**Material shown**
☆ ☆ ☆ ☆ ☆

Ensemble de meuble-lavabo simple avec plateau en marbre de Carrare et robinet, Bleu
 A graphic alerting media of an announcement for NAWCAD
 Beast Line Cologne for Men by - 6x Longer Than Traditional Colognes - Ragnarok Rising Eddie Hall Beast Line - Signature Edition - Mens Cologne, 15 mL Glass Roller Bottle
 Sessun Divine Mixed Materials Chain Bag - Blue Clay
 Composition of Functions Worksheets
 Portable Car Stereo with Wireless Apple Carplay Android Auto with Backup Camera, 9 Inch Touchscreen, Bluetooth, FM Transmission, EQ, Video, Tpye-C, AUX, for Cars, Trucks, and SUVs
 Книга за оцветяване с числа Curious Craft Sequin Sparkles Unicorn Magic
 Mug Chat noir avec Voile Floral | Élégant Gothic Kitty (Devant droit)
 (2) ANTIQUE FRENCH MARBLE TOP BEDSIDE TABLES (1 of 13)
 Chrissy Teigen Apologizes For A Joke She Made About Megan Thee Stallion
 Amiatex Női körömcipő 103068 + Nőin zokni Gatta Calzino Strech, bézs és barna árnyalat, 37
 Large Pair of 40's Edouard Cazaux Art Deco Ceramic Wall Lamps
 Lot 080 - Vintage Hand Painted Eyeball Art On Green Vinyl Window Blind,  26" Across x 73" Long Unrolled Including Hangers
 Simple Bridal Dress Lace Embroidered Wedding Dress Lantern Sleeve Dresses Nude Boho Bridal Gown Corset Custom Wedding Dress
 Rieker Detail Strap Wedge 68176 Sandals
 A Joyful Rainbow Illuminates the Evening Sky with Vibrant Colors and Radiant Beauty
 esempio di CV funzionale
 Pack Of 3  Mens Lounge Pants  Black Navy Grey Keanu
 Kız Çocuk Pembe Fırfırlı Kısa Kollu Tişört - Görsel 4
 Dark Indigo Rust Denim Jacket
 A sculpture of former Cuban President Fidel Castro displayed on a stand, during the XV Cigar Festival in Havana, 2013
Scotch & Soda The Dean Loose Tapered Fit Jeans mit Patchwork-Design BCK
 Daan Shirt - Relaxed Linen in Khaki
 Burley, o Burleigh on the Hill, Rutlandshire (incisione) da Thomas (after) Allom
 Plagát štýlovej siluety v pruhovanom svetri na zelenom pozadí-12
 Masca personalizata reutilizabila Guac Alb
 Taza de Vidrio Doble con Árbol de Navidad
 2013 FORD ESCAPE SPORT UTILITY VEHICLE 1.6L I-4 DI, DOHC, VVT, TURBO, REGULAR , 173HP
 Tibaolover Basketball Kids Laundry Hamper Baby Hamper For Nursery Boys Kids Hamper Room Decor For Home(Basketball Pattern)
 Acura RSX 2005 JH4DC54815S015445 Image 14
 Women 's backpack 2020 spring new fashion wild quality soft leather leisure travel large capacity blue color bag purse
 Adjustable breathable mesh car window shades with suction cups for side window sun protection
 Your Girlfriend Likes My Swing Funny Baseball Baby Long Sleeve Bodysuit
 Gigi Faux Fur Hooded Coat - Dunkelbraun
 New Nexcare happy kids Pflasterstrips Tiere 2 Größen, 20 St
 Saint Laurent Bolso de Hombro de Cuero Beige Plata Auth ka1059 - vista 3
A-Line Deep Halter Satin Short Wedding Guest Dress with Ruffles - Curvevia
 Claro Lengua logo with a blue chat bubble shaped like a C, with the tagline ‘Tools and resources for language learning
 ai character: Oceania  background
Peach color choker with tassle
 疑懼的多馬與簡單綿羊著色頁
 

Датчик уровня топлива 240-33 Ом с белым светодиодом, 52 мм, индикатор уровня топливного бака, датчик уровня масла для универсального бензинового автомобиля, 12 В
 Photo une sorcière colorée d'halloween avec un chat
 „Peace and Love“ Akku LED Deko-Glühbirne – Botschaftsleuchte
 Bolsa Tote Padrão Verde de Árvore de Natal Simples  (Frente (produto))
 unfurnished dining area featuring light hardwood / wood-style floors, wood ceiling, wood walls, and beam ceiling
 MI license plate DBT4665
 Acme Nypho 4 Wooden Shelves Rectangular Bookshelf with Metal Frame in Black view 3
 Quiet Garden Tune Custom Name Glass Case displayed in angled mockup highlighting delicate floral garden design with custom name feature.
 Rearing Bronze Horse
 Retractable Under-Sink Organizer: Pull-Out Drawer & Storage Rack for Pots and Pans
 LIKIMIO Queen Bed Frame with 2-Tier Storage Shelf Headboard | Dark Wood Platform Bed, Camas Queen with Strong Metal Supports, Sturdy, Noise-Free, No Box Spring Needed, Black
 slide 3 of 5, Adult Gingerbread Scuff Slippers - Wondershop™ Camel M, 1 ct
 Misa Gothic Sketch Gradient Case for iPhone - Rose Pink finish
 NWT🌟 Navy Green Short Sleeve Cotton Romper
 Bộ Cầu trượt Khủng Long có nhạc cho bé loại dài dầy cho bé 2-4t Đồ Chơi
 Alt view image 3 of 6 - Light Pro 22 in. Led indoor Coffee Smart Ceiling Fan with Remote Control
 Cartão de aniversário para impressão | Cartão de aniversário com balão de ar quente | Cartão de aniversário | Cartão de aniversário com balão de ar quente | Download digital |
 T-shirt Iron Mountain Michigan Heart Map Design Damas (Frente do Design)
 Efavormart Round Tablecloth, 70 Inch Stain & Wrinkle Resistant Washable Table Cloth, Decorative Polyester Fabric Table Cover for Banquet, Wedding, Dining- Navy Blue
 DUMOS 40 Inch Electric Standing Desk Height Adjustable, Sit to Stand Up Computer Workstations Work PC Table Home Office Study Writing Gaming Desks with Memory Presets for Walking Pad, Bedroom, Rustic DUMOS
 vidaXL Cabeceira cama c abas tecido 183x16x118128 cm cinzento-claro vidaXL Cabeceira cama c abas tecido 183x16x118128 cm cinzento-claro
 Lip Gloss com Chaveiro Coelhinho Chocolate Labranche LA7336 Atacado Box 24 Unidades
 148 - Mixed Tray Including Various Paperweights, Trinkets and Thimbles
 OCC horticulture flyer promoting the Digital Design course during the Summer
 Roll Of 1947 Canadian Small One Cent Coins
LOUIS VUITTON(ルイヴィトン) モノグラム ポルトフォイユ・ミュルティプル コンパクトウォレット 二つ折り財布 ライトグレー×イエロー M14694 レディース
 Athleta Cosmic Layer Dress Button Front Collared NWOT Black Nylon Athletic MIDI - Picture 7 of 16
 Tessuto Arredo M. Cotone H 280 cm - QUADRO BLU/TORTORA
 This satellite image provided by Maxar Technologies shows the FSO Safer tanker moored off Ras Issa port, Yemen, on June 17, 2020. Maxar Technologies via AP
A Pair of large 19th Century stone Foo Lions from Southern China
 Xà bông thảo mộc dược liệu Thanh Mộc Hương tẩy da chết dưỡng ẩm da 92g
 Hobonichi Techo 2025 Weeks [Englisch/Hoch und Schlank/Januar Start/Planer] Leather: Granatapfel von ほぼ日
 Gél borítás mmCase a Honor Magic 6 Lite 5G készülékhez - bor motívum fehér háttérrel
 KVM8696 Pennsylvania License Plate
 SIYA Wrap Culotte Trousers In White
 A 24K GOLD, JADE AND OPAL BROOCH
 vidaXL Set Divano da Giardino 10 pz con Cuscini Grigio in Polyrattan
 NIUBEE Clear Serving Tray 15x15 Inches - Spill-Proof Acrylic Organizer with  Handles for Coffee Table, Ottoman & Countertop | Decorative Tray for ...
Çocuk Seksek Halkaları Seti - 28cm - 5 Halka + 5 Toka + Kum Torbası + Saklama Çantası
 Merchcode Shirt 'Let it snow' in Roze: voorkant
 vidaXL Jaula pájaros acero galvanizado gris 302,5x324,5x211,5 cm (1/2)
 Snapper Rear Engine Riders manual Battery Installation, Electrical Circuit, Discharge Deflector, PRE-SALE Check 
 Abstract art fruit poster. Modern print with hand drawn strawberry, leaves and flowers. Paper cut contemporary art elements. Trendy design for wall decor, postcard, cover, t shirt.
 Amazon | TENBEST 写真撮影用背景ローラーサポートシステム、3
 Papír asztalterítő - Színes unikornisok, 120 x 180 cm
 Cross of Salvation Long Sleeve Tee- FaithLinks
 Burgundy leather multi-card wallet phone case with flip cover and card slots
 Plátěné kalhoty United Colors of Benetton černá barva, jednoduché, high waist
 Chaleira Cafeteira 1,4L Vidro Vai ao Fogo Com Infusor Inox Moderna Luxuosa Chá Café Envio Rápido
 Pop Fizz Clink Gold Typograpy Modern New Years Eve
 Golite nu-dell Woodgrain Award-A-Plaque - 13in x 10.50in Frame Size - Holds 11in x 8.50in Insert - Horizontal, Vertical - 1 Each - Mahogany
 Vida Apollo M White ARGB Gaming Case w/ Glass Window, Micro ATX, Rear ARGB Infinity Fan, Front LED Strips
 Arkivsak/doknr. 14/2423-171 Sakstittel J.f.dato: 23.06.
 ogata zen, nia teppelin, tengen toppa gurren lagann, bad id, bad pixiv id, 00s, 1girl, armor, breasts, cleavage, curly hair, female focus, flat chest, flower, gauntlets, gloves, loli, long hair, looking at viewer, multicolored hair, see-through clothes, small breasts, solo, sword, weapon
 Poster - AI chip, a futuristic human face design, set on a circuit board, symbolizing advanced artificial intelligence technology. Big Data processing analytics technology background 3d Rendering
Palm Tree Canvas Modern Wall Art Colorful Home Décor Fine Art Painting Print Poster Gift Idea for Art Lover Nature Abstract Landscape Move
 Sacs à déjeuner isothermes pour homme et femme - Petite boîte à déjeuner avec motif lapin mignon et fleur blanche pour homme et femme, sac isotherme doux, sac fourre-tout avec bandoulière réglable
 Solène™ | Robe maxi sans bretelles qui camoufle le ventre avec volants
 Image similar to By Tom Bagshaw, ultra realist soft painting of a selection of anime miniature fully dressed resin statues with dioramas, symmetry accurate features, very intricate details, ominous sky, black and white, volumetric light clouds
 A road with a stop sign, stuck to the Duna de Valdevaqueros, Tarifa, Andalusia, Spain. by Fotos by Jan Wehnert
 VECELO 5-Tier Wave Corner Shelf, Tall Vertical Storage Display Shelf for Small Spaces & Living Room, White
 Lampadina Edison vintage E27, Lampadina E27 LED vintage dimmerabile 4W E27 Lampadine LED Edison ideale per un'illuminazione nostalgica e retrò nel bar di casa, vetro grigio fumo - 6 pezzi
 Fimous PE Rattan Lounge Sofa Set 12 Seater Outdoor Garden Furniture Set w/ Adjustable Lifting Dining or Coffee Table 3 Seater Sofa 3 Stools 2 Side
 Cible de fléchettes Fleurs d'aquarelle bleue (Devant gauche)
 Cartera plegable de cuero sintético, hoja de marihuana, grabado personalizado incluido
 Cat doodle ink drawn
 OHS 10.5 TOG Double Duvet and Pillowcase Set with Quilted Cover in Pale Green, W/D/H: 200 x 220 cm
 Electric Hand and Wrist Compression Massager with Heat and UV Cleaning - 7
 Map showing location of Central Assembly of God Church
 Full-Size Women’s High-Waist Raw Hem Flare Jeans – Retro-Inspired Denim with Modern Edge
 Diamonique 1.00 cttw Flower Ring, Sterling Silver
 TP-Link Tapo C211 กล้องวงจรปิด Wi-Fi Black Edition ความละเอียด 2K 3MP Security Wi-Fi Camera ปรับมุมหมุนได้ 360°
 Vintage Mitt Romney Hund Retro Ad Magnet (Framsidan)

☆ ☆ ☆ ☆ ☆

**Task brief**
In the listing above, locate the line with "疑懼的多馬與簡單綿羊著色頁" and the line with "Alt view image", then extract exactly those lines and every line between them, and nothing more.

**Reply to the exercise**
 疑懼的多馬與簡單綿羊著色頁
 

Датчик уровня топлива 240-33 Ом с белым светодиодом, 52 мм, индикатор уровня топливного бака, датчик уровня масла для универсального бензинового автомобиля, 12 В
 Photo une sorcière colorée d'halloween avec un chat
 „Peace and Love“ Akku LED Deko-Glühbirne – Botschaftsleuchte
 Bolsa Tote Padrão Verde de Árvore de Natal Simples  (Frente (produto))
 unfurnished dining area featuring light hardwood / wood-style floors, wood ceiling, wood walls, and beam ceiling
 MI license plate DBT4665
 Acme Nypho 4 Wooden Shelves Rectangular Bookshelf with Metal Frame in Black view 3
 Quiet Garden Tune Custom Name Glass Case displayed in angled mockup highlighting delicate floral garden design with custom name feature.
 Rearing Bronze Horse
 Retractable Under-Sink Organizer: Pull-Out Drawer & Storage Rack for Pots and Pans
 LIKIMIO Queen Bed Frame with 2-Tier Storage Shelf Headboard | Dark Wood Platform Bed, Camas Queen with Strong Metal Supports, Sturdy, Noise-Free, No Box Spring Needed, Black
 slide 3 of 5, Adult Gingerbread Scuff Slippers - Wondershop™ Camel M, 1 ct
 Misa Gothic Sketch Gradient Case for iPhone - Rose Pink finish
 NWT🌟 Navy Green Short Sleeve Cotton Romper
 Bộ Cầu trượt Khủng Long có nhạc cho bé loại dài dầy cho bé 2-4t Đồ Chơi
 Alt view image 3 of 6 - Light Pro 22 in. Led indoor Coffee Smart Ceiling Fan with Remote Control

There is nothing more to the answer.